Obama appoints Washington's first-ever federal government CISO

But is a retired brigadier general really the best person for the job?

President Barack Obama has appointed a retired brigadier general as the first chief information security officer (CISO) for the US federal government as part of his Cybersecurity National Action Plan, announced in February.

Brigadier general Gregory Touhill (pictured) will be charged with driving cybersecurity policy, including planning and implementation across the US federal government.

Touhill is currently the deputy assistant secretary for cybersecurity and communications in the Office of Cybersecurity and Communications (CS&C) at the Department of Homeland Security (DHS). In this role, his remit is the development and implementation of operational programmes intended to protect US government networks and critical infrastructure.

"In his new role as federal CISO, Touhill will leverage his considerable experience in managing a range of complex and diverse technical solutions at scale with his strong knowledge of both civilian and military best practices, capabilities, and human capital training, development and retention strategies," according to the US government CIO Tony Scott, revealing the appointment in a blog posting.

Touhill's team will work under the Office of Management and Budget (OMB), the largest office within the Executive Office of the President of the US. The most prominent function of the OMB is to produce the President's budget.

At the same time, the US government also named Grant Schneider as acting deputy CISO.

"In creating the CISO role, and looking at successful organisational models across government, it became apparent that having a career role partnered with a senior official is not only the norm but also provides needed continuity over time," claimed Scott.

Schneider currently serves as the director for cybersecurity policy on the National Security Council staff at the White House, where his remit is the development and oversight of cybersecurity policies to protect government data, networks, and systems.

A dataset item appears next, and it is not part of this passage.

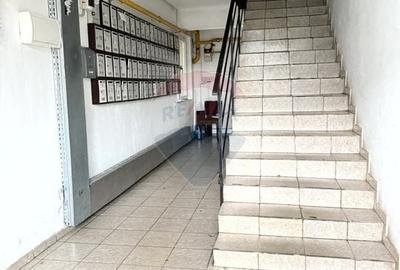 Garsoniera Soseaua Giurgiului - 14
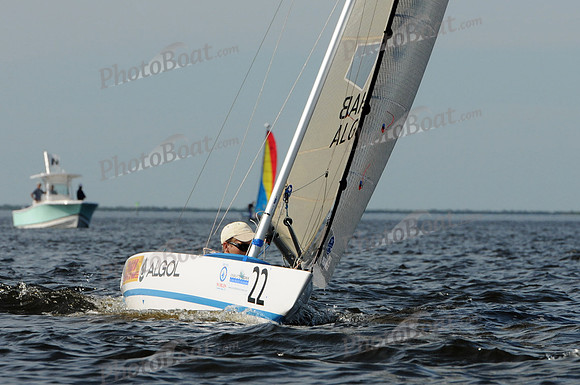 2012 IFDS Worlds A 073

He has more than 20 years of technical skills that he will bring to the new role.

"Building on the Cybersecurity Workforce Strategy to identify, recruit, and retain top talent, the CISO will play a central role in helping to ensure the right set of policies, strategies, and practices are adopted across agencies and keeping the federal government at the leading edge of 21st century cyber security," concluded Scott.

Strong demand for CISOs, whether in the UK or US, has seen a surge in remuneration for candidates who can fit the right profile.